== DATA SHOWN ==
......

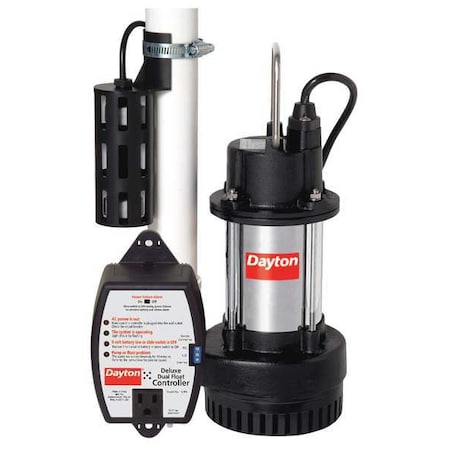 Dayton Utility Pump 1APP2 - product photo 1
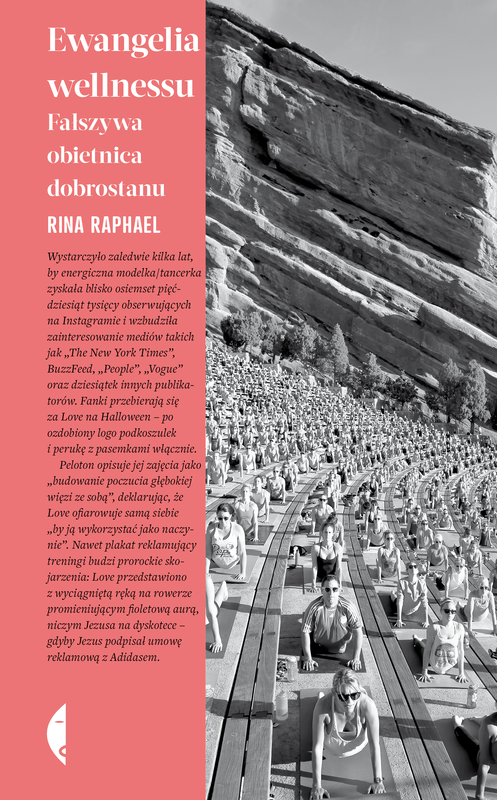 okładka Ewangelia wellnessu ebook | epub, mobi | Rina Raphael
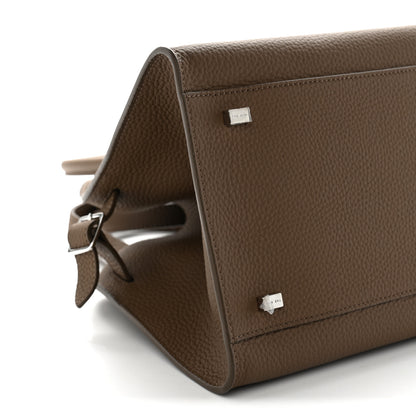 The Row Matte Grained Calfskin Soft Margaux 10 Bag Chevre 8 of 9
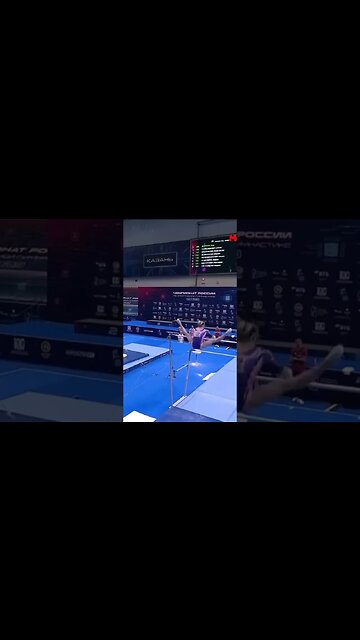 Яна Ворона (Yana Vorona) Bars 3rd place - 2023 Russian Championships #shorts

......

== WORK TASK ==
Pictures included in the data should be dropped; everything else must be repeated exactly.

== OUTPUT FOR THIS EXERCISE ==
 Dayton Utility Pump 1APP2 - product photo 1
 okładka Ewangelia wellnessu ebook | epub, mobi | Rina Raphael
 The Row Matte Grained Calfskin Soft Margaux 10 Bag Chevre 8 of 9
 Яна Ворона (Yana Vorona) Bars 3rd place - 2023 Russian Championships #shorts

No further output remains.